- [Exercise objective] Could you set down every record exactly as it appears?

(Stored data)
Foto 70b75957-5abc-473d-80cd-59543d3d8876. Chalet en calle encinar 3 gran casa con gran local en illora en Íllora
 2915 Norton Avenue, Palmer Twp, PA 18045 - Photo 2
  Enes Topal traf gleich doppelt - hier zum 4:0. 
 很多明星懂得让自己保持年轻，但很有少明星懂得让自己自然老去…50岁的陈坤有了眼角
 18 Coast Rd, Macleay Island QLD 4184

- [Answer to the exercise]
Foto 70b75957-5abc-473d-80cd-59543d3d8876. Chalet en calle encinar 3 gran casa con gran local en illora en Íllora
 2915 Norton Avenue, Palmer Twp, PA 18045 - Photo 2
  Enes Topal traf gleich doppelt - hier zum 4:0. 
 很多明星懂得让自己保持年轻，但很有少明星懂得让自己自然老去…50岁的陈坤有了眼角
 18 Coast Rd, Macleay Island QLD 4184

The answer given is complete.